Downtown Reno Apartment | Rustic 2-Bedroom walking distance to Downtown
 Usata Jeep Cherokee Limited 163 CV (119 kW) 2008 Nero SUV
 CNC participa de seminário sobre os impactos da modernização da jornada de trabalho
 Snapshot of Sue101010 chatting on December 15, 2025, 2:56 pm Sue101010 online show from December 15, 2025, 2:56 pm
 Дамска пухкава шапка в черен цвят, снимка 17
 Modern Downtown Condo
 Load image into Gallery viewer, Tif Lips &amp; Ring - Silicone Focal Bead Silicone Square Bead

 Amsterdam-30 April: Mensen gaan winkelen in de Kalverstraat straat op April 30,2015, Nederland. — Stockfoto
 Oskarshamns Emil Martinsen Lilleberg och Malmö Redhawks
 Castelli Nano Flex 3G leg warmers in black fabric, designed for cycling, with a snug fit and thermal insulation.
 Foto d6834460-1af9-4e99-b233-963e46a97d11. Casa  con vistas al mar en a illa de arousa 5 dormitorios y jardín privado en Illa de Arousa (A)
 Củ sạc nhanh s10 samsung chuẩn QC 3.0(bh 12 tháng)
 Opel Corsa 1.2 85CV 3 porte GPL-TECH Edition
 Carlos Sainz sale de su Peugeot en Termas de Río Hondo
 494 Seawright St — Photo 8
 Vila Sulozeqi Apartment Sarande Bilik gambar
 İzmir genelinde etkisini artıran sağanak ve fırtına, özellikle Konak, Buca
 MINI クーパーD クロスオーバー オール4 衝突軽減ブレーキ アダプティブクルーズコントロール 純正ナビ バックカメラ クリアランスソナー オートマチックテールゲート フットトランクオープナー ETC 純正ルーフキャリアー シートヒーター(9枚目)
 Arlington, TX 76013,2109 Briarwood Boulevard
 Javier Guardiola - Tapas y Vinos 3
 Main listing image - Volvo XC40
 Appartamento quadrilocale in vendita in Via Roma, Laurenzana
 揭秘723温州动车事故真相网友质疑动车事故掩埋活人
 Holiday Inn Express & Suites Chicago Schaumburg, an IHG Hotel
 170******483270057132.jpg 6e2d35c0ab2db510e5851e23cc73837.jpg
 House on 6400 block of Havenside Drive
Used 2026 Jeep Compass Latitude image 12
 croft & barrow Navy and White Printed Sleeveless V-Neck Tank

• _What to produce_
What are the lines from the one with "House on 6400 block of Havenside Drive" through the end of the entries? Give them again exactly, both end lines included.

• _Task output_
 House on 6400 block of Havenside Drive
Used 2026 Jeep Compass Latitude image 12
 croft & barrow Navy and White Printed Sleeveless V-Neck Tank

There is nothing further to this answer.